Nella titanica sfida dei 10 (il numero di maglia dei fuoriclasse) il mondiale di Doha ha eletto anche un vicerè: il 24enne Mbappé, che da giovanissimo aveva già alzato la Coppa quattro anni fa in Russia. Destinato per la forza della gioventù a ereditare fin dalla prossima edizione il trono da Messi, suo grande rivale nella finale e suo compagno di squadra (anche se pare non si amino troppo) nel Paris Saint Germain di proprietà proprio dell’Emirato che ha organizzato la 22ª edizione della Coppa. Non si scorgono, al momento, altri talenti emergenti che possano insidiare la straripante genialità del francese che già oggi è il calciatore più pagato del pianeta.

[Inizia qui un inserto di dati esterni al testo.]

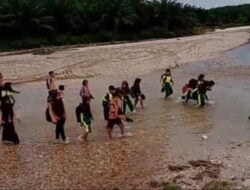 Sebrangi Sungai,Siswa SD di Wampu Langkat ke Sekolah Harus Bertaruh Nyawa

Messi ha vinto di un soffio perché si è caricato sule spalle l’Argentina, intesa non solo come squadra ma come intera nazione. Uscendo dal suo bozzolo di fuoriclasse incontenibile ma dal carisma intermittente. Rivelando una rabbia che lo ha trasformato da artista in guerriero, da solista sublime in leader. Conscio che il trionfo non sarebbe stato solo sportivo, ma avrebbe avuto riflessi sociali e perfino politici. Alleviando almeno per qualche giorno nella sbornia di orgoglio nazionalistico le angosce del paese schiacciato dall’iperinflazione (quasi il 100 per cento) e con quasi metà della popolazione sotto la soglia della povertà.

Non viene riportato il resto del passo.